The dataset analyzed in this report includes details on video game sales across different platforms, genres, and regions. The objective of this analysis is to uncover insights into sales trends over time, platform and genre performance, and regional preferences, which can inform strategic decision-making in game development and marketing.The data was extracted from https://www.kaggle.com/datasets/gregorut/videogamesales/data
The dataset contains the following columns:
Rank: Ranking of the game based on global sales. Name: Title of the game. Platform: The platform (e.g., Wii, NES) on which the game was released. Year: Release year of the game. Genre: Genre of the game (e.g., Sports, Racing). Publisher: The company that published the game. NA_Sales, EU_Sales, JP_Sales, Other_Sales, Global_Sales: Sales in millions by region and globally.
To analyze seasonal trends and lifecycle patterns, we’ll start by checking sales over time and by season.
# Load necessary libraries
library(dplyr)
##
## Attaching package: 'dplyr'
## The following objects are masked from 'package:stats':
##
## filter, lag
## The following objects are masked from 'package:base':
##
## intersect, setdiff, setequal, union
library(ggplot2)
# Load data
vg_data <- read.csv("vgsales.csv")
# Step 1: Convert Year column to integer (if it has decimals)

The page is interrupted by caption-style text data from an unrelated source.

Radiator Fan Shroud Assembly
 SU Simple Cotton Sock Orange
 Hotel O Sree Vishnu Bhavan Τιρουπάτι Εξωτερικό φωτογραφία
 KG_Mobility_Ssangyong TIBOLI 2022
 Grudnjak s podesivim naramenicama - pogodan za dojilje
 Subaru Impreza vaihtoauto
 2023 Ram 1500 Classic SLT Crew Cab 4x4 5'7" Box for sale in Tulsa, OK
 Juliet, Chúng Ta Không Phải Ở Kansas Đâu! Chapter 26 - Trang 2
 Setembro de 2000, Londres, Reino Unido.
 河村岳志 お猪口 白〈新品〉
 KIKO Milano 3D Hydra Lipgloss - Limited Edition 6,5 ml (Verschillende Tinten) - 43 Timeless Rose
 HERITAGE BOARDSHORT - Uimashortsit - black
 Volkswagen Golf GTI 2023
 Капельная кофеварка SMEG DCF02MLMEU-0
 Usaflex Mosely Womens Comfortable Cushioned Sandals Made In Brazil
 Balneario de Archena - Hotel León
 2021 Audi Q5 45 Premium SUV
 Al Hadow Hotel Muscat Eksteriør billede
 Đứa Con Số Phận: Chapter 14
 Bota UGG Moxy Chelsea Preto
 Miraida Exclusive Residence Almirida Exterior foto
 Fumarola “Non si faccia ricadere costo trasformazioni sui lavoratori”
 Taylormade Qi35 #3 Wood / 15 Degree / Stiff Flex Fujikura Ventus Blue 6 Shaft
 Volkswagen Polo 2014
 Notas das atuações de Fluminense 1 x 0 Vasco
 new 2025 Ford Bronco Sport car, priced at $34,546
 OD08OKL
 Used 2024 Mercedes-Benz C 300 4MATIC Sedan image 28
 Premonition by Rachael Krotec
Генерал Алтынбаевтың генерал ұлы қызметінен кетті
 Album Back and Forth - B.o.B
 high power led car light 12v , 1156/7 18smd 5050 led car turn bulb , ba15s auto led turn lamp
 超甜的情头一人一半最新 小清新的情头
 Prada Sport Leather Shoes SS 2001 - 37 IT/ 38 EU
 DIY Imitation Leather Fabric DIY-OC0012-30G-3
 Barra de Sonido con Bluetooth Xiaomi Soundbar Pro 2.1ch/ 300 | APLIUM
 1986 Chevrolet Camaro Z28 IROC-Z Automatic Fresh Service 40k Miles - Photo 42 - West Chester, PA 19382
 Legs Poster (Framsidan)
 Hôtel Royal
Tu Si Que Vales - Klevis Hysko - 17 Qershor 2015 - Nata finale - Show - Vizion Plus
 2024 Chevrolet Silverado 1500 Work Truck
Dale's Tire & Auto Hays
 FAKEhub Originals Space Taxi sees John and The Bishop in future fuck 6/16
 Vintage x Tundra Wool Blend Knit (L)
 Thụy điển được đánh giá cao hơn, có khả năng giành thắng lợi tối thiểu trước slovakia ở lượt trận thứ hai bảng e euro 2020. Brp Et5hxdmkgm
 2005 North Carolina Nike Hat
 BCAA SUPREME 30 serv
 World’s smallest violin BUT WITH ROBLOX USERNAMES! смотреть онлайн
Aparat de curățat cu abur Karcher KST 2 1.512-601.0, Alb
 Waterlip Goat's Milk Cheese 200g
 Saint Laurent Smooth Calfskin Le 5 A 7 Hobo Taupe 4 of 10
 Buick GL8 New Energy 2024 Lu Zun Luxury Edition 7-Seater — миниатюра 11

vg_data <- vg_data %>% mutate(Year = as.integer(Year))
## Warning: There was 1 warning in `mutate()`.
## ℹ In argument: `Year = as.integer(Year)`.
## Caused by warning:
## ! NAs introduced by coercion
# Step 2: Sales Trends Over Time - Summing up Global Sales by Year
yearly_sales <- vg_data %>%
group_by(Year) %>%
summarise(Total_Global_Sales = sum(Global_Sales, na.rm = TRUE))
# Plotting the sales trend over time
ggplot(yearly_sales, aes(x = Year, y = Total_Global_Sales)) +
geom_line() +
labs(title = "Global Sales Trends Over Time", x = "Year", y = "Total Global Sales (millions)") +
theme_minimal()
## Warning: Removed 1 row containing missing values or values outside the scale range
## (`geom_line()`).
Objective: Determine which platforms are most popular and if certain genres are more successful on specific platforms.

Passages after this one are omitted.